:: TASK BRIEF ::
When you reach the line with "Conjunto brinco e" in the listing below, transcribe it and each line after it up to and including the line with "Team building & lửa trại bên hồ", exactly and with nothing else.

------------------------

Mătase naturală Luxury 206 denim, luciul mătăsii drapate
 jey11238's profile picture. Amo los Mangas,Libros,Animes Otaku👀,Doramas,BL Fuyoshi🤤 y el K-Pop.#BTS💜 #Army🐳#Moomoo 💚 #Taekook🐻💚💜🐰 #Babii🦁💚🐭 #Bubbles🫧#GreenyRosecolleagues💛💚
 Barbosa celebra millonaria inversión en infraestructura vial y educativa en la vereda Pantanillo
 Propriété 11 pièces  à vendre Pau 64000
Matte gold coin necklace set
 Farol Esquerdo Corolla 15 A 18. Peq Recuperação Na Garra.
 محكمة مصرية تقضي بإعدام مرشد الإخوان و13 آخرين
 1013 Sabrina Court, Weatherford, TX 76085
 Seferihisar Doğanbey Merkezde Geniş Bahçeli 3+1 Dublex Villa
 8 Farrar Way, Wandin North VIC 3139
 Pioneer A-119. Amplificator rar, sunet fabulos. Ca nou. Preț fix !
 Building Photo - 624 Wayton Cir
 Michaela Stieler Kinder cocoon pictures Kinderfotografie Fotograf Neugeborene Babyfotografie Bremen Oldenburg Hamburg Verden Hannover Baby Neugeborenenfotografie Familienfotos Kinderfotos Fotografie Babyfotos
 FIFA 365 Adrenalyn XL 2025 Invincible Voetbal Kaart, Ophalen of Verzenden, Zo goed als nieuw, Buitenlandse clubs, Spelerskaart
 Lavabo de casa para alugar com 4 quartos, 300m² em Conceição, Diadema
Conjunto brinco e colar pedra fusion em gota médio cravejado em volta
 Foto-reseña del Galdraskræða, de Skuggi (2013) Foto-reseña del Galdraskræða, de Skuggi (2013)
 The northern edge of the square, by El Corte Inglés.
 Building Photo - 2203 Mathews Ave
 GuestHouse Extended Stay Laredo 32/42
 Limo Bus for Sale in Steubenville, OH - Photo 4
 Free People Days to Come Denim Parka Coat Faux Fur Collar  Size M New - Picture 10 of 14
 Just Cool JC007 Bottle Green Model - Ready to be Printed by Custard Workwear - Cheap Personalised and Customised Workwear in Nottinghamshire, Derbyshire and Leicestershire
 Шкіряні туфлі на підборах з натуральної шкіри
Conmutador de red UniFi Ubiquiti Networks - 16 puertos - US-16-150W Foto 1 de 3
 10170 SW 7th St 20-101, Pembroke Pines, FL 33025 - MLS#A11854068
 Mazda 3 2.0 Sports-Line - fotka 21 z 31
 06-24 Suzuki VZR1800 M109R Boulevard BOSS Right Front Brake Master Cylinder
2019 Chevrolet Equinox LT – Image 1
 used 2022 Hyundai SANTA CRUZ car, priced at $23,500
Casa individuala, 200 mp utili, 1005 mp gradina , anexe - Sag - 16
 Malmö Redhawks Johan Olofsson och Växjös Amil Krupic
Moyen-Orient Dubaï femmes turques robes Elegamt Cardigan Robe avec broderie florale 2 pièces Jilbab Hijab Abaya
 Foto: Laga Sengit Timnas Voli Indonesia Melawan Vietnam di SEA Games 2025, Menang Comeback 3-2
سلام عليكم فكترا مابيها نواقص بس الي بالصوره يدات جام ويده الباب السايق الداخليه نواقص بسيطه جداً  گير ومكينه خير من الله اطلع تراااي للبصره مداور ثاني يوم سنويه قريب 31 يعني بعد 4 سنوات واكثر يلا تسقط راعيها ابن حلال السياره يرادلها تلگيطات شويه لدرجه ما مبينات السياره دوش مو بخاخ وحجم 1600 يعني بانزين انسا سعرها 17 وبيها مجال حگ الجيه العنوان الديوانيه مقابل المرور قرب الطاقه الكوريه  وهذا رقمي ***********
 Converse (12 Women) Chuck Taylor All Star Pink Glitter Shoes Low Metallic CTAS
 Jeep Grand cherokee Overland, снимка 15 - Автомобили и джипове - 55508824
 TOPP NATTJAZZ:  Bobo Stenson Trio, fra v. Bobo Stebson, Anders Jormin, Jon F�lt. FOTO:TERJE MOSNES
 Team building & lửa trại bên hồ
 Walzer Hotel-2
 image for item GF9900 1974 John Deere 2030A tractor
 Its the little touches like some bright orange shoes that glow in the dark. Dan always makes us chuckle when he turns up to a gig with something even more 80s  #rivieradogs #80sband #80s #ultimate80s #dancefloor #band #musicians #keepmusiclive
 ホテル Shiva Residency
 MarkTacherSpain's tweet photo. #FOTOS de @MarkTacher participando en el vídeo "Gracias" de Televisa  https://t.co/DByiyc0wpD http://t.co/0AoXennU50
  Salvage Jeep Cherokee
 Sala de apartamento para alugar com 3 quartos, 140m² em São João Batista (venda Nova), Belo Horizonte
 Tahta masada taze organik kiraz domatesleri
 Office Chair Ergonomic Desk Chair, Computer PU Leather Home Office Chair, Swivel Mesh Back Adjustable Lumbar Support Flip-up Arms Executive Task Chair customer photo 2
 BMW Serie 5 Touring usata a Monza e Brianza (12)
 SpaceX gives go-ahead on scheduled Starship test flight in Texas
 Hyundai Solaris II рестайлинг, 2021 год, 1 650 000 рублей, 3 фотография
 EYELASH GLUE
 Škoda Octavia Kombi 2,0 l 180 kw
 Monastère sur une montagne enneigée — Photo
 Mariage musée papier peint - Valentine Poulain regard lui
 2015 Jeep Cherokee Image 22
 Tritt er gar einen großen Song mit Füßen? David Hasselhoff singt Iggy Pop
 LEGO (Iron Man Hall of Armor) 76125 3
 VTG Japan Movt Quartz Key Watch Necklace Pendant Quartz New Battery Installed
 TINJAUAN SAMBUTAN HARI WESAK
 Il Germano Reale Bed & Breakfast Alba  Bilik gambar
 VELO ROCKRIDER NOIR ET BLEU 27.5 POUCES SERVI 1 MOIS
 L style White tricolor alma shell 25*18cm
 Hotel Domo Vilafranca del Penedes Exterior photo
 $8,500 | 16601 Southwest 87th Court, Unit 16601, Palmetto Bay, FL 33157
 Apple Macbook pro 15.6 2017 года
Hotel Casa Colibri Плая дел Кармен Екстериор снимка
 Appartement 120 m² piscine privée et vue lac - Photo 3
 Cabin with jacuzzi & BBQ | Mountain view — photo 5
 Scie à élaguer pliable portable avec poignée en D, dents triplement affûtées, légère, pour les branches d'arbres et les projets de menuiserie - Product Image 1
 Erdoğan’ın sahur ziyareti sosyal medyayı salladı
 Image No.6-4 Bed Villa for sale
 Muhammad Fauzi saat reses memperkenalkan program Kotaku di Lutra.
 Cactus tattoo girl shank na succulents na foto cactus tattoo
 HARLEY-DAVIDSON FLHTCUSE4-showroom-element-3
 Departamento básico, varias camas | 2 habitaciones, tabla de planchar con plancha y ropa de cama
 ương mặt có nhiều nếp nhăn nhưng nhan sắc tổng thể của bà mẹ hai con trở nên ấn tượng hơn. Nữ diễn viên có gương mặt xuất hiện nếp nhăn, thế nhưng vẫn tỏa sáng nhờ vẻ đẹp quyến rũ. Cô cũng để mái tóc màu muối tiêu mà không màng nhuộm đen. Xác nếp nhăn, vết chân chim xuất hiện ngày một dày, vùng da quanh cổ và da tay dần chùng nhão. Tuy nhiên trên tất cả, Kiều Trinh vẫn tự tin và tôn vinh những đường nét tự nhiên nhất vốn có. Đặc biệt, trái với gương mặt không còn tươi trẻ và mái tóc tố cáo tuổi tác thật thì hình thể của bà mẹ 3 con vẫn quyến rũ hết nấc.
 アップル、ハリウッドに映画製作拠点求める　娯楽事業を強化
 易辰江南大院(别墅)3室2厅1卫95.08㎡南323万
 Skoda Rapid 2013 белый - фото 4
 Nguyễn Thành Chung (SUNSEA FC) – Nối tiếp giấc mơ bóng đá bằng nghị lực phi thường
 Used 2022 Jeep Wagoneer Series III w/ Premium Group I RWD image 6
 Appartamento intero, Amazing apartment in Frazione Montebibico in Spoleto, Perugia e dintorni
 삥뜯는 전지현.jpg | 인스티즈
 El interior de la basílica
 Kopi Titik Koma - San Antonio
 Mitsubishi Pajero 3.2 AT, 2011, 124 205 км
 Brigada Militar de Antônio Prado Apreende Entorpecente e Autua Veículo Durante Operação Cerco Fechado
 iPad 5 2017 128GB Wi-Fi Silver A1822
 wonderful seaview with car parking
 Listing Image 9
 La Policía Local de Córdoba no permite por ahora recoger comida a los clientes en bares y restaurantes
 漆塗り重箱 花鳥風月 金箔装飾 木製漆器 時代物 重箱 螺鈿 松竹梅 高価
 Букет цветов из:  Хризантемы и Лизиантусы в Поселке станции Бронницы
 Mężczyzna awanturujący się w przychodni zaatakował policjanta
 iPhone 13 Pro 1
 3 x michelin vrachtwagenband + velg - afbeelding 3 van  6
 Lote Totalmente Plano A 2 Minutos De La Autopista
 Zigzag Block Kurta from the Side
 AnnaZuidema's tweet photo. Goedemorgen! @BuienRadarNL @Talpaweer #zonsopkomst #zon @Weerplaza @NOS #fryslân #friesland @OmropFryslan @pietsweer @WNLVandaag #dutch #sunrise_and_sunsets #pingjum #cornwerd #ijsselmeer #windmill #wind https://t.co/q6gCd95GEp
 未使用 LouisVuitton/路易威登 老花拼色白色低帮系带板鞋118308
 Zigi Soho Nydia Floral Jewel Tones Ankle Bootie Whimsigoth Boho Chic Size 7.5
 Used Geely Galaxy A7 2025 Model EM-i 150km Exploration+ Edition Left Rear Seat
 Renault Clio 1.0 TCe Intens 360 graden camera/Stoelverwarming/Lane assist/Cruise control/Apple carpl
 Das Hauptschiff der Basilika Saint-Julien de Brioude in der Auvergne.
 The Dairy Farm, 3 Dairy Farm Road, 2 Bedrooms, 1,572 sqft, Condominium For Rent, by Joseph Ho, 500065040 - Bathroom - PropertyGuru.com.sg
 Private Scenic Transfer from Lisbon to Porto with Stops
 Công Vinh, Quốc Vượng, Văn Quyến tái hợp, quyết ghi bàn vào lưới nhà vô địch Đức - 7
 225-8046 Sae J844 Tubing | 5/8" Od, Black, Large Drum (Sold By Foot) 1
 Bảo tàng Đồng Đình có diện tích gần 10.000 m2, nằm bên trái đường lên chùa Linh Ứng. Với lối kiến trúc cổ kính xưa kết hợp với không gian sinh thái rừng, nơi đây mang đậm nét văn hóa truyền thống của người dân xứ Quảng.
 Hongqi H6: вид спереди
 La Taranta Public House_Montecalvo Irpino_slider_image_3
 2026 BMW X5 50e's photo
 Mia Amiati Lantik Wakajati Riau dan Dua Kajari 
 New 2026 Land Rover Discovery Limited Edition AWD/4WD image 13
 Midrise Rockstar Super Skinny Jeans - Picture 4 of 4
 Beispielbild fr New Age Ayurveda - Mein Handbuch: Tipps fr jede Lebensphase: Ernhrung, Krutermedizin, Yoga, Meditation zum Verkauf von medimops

------------------------

:: ANSWER SPACE ::
Conjunto brinco e colar pedra fusion em gota médio cravejado em volta
 Foto-reseña del Galdraskræða, de Skuggi (2013) Foto-reseña del Galdraskræða, de Skuggi (2013)
 The northern edge of the square, by El Corte Inglés.
 Building Photo - 2203 Mathews Ave
 GuestHouse Extended Stay Laredo 32/42
 Limo Bus for Sale in Steubenville, OH - Photo 4
 Free People Days to Come Denim Parka Coat Faux Fur Collar  Size M New - Picture 10 of 14
 Just Cool JC007 Bottle Green Model - Ready to be Printed by Custard Workwear - Cheap Personalised and Customised Workwear in Nottinghamshire, Derbyshire and Leicestershire
 Шкіряні туфлі на підборах з натуральної шкіри
Conmutador de red UniFi Ubiquiti Networks - 16 puertos - US-16-150W Foto 1 de 3
 10170 SW 7th St 20-101, Pembroke Pines, FL 33025 - MLS#A11854068
 Mazda 3 2.0 Sports-Line - fotka 21 z 31
 06-24 Suzuki VZR1800 M109R Boulevard BOSS Right Front Brake Master Cylinder
2019 Chevrolet Equinox LT – Image 1
 used 2022 Hyundai SANTA CRUZ car, priced at $23,500
Casa individuala, 200 mp utili, 1005 mp gradina , anexe - Sag - 16
 Malmö Redhawks Johan Olofsson och Växjös Amil Krupic
Moyen-Orient Dubaï femmes turques robes Elegamt Cardigan Robe avec broderie florale 2 pièces Jilbab Hijab Abaya
 Foto: Laga Sengit Timnas Voli Indonesia Melawan Vietnam di SEA Games 2025, Menang Comeback 3-2
سلام عليكم فكترا مابيها نواقص بس الي بالصوره يدات جام ويده الباب السايق الداخليه نواقص بسيطه جداً  گير ومكينه خير من الله اطلع تراااي للبصره مداور ثاني يوم سنويه قريب 31 يعني بعد 4 سنوات واكثر يلا تسقط راعيها ابن حلال السياره يرادلها تلگيطات شويه لدرجه ما مبينات السياره دوش مو بخاخ وحجم 1600 يعني بانزين انسا سعرها 17 وبيها مجال حگ الجيه العنوان الديوانيه مقابل المرور قرب الطاقه الكوريه  وهذا رقمي ***********
 Converse (12 Women) Chuck Taylor All Star Pink Glitter Shoes Low Metallic CTAS
 Jeep Grand cherokee Overland, снимка 15 - Автомобили и джипове - 55508824
 TOPP NATTJAZZ:  Bobo Stenson Trio, fra v. Bobo Stebson, Anders Jormin, Jon F�lt. FOTO:TERJE MOSNES
 Team building & lửa trại bên hồ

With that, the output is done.